Description of the task: Every entry must be transcribed without alteration.

Supplied records:
++++
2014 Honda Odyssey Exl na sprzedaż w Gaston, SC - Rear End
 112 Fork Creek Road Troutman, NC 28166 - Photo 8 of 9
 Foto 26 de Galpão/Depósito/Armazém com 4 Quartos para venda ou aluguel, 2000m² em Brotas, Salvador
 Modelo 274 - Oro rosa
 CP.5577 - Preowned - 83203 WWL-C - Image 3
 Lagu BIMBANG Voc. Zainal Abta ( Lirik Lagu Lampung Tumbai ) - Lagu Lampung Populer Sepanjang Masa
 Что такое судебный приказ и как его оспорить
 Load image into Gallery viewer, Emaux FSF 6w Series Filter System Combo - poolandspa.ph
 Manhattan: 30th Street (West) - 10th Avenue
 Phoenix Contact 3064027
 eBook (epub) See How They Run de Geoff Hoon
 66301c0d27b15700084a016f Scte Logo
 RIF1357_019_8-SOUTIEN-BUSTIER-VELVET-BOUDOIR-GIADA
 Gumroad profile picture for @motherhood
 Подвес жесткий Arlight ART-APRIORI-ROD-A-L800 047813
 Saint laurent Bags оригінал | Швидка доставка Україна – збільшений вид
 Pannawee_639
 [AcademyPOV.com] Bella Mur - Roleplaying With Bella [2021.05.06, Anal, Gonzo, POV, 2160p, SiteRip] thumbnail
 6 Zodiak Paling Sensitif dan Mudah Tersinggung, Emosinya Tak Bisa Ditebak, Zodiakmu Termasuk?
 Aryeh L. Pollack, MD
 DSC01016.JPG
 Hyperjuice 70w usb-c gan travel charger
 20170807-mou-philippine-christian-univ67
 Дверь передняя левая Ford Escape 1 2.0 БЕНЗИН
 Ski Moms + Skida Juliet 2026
++++
Output of the task:
2014 Honda Odyssey Exl na sprzedaż w Gaston, SC - Rear End
 112 Fork Creek Road Troutman, NC 28166 - Photo 8 of 9
 Foto 26 de Galpão/Depósito/Armazém com 4 Quartos para venda ou aluguel, 2000m² em Brotas, Salvador
 Modelo 274 - Oro rosa
 CP.5577 - Preowned - 83203 WWL-C - Image 3
 Lagu BIMBANG Voc. Zainal Abta ( Lirik Lagu Lampung Tumbai ) - Lagu Lampung Populer Sepanjang Masa
 Что такое судебный приказ и как его оспорить
 Load image into Gallery viewer, Emaux FSF 6w Series Filter System Combo - poolandspa.ph
 Manhattan: 30th Street (West) - 10th Avenue
 Phoenix Contact 3064027
 eBook (epub) See How They Run de Geoff Hoon
 66301c0d27b15700084a016f Scte Logo
 RIF1357_019_8-SOUTIEN-BUSTIER-VELVET-BOUDOIR-GIADA
 Gumroad profile picture for @motherhood
 Подвес жесткий Arlight ART-APRIORI-ROD-A-L800 047813
 Saint laurent Bags оригінал | Швидка доставка Україна – збільшений вид
 Pannawee_639
 [AcademyPOV.com] Bella Mur - Roleplaying With Bella [2021.05.06, Anal, Gonzo, POV, 2160p, SiteRip] thumbnail
 6 Zodiak Paling Sensitif dan Mudah Tersinggung, Emosinya Tak Bisa Ditebak, Zodiakmu Termasuk?
 Aryeh L. Pollack, MD
 DSC01016.JPG
 Hyperjuice 70w usb-c gan travel charger
 20170807-mou-philippine-christian-univ67
 Дверь передняя левая Ford Escape 1 2.0 БЕНЗИН
 Ski Moms + Skida Juliet 2026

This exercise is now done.